Check each line of the material below for "White", then copy the ones that contain it.
Content starts
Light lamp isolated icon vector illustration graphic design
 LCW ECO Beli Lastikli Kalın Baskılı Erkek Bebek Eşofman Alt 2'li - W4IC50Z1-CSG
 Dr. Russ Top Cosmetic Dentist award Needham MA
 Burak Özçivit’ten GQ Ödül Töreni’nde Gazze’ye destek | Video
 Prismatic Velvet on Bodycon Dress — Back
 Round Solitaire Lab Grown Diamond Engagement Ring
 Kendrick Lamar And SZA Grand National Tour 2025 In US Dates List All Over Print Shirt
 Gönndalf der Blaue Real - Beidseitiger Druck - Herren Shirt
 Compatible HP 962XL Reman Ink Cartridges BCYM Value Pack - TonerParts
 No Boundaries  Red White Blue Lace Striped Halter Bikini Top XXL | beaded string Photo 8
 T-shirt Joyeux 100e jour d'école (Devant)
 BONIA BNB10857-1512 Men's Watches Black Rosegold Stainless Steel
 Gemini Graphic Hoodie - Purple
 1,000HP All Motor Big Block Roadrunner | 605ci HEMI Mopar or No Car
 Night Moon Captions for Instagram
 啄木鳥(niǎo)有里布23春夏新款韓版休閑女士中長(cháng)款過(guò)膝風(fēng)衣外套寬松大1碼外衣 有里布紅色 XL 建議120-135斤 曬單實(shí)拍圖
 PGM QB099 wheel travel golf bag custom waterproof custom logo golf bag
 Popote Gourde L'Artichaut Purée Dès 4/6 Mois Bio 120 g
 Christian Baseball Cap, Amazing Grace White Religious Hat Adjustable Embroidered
Content ends
Response for this exercise:
 No Boundaries  Red White Blue Lace Striped Halter Bikini Top XXL | beaded string Photo 8
 Christian Baseball Cap, Amazing Grace White Religious Hat Adjustable Embroidered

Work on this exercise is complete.